In article <1991Apr30.160331.16215@milton.u.washington.edu>
corey@milton.u.washington.edu (Corey Satten) writes:
>(This is cross-posted to unix-wizards because it may also apply to 4.3BSD)

Just a quick note:  It seems unlikely to, as the code being changed is
almost completely different in 4.3BSD.  In particular, the swapout code
picks the five largest processes, not the `first' set of processes that
will satisfy the immediate demands.
-- 
In-Real-Life: Chris Torek, Lawrence Berkeley Lab CSE/EE (+1 415 486 5427)
Berkeley, CA		Domain:	torek@ee.lbl.gov

corey@milton.u.washington.edu (Corey Satten) (05/02/91)

In article <12714@dog.ee.lbl.gov> torek@elf.ee.lbl.gov (Chris Torek) writes:
>In article <1991Apr30.160331.16215@milton.u.washington.edu>
>corey@milton.u.washington.edu (Corey Satten) writes:
>>(This is cross-posted to unix-wizards because it may also apply to 4.3BSD)
>
>Just a quick note:  It seems unlikely to, as the code being changed is
>almost completely different in 4.3BSD.  In particular, the swapout code
>picks the five largest processes, not the `first' set of processes that
>will satisfy the immediate demands.

Oh dear, I can't believe I'm about to take issue with Chris Torek.  This
is indeed a rare day.  I hope I don't blow it.
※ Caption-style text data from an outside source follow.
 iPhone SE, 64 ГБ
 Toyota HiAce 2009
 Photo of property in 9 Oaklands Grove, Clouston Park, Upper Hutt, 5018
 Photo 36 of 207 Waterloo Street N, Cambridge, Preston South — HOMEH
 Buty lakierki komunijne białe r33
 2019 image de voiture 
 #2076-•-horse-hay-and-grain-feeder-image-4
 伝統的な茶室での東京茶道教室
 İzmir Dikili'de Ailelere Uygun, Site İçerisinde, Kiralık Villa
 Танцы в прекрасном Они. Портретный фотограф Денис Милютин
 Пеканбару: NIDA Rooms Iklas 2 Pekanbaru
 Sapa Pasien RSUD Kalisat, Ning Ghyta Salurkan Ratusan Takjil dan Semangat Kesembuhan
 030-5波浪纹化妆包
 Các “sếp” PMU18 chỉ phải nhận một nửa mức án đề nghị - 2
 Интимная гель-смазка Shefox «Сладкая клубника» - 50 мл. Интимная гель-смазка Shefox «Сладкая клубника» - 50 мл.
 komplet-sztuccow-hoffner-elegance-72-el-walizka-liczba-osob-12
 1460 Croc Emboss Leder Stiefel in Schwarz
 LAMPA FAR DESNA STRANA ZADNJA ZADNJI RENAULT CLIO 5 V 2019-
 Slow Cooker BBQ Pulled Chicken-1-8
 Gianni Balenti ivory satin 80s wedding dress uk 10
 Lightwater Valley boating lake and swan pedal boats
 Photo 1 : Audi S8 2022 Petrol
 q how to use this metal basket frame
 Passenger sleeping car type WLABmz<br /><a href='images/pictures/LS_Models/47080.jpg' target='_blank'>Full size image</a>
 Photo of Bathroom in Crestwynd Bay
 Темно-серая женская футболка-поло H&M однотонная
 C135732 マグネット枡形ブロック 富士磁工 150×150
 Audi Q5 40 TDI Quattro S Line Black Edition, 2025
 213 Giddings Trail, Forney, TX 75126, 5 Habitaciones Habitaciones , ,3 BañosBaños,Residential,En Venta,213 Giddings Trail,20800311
Chris, I find almost identical code in 4.3BSD (tahoe I think).  In file
vm_page.c the lines which prevent data from paging are almost identical
(but without DEC's SMP locking).  In file vm_sched.c the code near the
comment about swapping out deadwood is almost identical with Ultrix and
on our system, that was the code which was doing almost all of the
swapping (though possibly because I elevated the values of lotsfree and
desfree and scan rate to improve performance in round 1).  I think you
are talking about the "hardwsap" code (when desperate == 1), which on
our system, turned out to rarely execute.  In any case, even if
hardswap does happen, it still looks like it doesn't use the largest 5
processes (as the comment would indicate) if there are any processes
which have been sleeping longer than maxslp (20 seconds), I think it
uses the one closest to the beginning of the process table which has
been sleeping the longest.  I think longest maxes out at 127 seconds so
with our process mix, that means it would usually swap the first
few processes which have been sleeping at least 127 seconds.

Anyway, as I said, I haven't measured a BSD system and I didn't study
hardswap as closely as the other since it almost never happened on our
system, so I only say it may apply because the code looks to me very
similar to the Ultrix code I have become rather familiar with.
Furthermore, now that we are paging out data, we aren't swapping
processes with RSS>0 at all so I think the paging part of the fix may
be more important than the swapping part anyway.

--------
Corey Satten, corey@cac.washington.edu
Networks and Distributed Computing
University of Washington
(206)543-5611

torek@elf.ee.lbl.gov (Chris Torek) (05/03/91)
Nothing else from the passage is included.